Overview of column binary

Spread of Yosegi's components is represented by a collection of columns. Column is an object that implements the IColumn interface on memory. In order to write to a file, it is necessary to mutually convert each column to binary.

There is IColumnBinaryMaker as an interface for converting. You can add your own implementation by implementing interconversion interface.

Class with column binary

ColumnBinary is a class that expresses the data structure in memory as binary. This class has arrays of not only byte arrays but also statistical information, class information used for conversion, compression, and child ColumnBinary class.

  public final String makerClassName;

  public final String compressorClassName;

  public final String columnName;
  public final ColumnType columnType;
  public final int rowCount;
  public final int rawDataSize;
  public final int logicalDataSize;
  public final int cardinality;

  public int binaryStart;
  public int binaryLength;
  public byte[] binary;

  public List<ColumnBinary> columnBinaryList;

variable	summary
makerClassName	Class name of IColumnBinaryMaker used for conversion
compressorClassName	Class name used for compression
columnName	Column name
columnType	Column type
rowCount	Number of elements in this column.
rawDataSize	Binary byte size.
logicalDataSize	Logical data size of this column. What is logical data size?
cardinality	Cardinality. Not required. If it can not be calculated, -1.
binaryStart	Starting position of byte array
binaryLength	The length of the byte array
binary	Byte array converted column to binary
columnBinaryList	Child's ColumnBinary.
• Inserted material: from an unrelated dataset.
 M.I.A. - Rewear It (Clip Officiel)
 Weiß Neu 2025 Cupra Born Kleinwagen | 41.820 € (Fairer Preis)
It is used for Struct and Array columns. If there is no child, it is an empty List or Null.

Interface of IColumnBinaryMaker

public interface IColumnBinaryMaker{

  ColumnBinary toBinary( final ColumnBinaryMakerConfig commonConfig , final ColumnBinaryMakerCustomConfigNode currentConfigNode , final IColumn column ) throws IOException;

  IColumn toColumn( final ColumnBinary columnBinary ) throws IOException;

  int calcBinarySize( final IColumnAnalizeResult analizeResult );

  void loadInMemoryStorage( final ColumnBinary columnBinary , final IMemoryAllocator allocator ) throws IOException;

  void setBlockIndexNode( final BlockIndexNode parentNode , final ColumnBinary columnBinary , final int spreadIndex ) throws IOException;

}

toBinary()

This method converts columns that are data structures on memory to binary.

toColumn()

This method converts from binary to column.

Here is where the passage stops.